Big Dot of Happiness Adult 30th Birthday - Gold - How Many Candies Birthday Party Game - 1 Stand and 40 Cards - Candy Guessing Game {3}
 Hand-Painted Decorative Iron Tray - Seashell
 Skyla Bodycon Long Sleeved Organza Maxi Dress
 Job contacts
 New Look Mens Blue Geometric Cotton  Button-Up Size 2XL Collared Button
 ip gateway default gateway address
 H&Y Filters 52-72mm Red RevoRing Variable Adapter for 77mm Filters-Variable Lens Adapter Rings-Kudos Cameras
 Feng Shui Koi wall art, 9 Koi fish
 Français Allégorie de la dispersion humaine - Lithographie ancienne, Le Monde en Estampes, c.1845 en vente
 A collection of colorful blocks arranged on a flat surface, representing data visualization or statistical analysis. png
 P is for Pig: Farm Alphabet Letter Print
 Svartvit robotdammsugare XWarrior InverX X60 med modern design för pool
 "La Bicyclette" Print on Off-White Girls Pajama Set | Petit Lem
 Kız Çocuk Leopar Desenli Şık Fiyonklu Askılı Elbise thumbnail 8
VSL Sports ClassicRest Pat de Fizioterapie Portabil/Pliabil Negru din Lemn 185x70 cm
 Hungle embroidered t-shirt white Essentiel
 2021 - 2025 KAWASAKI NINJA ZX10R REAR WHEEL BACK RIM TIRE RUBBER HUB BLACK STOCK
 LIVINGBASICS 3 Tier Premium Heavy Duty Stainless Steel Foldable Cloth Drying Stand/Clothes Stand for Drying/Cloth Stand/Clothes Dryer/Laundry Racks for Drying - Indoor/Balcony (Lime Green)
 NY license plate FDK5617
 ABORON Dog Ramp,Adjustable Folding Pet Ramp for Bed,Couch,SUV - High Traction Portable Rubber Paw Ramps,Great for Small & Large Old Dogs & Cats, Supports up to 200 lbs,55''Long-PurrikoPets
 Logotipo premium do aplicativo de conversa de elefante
========================================
| What you have to do |
Please copy each line of the material that contains the word "Long".

| Written answer |
 Skyla Bodycon Long Sleeved Organza Maxi Dress
 ABORON Dog Ramp,Adjustable Folding Pet Ramp for Bed,Couch,SUV - High Traction Portable Rubber Paw Ramps,Great for Small & Large Old Dogs & Cats, Supports up to 200 lbs,55''Long-PurrikoPets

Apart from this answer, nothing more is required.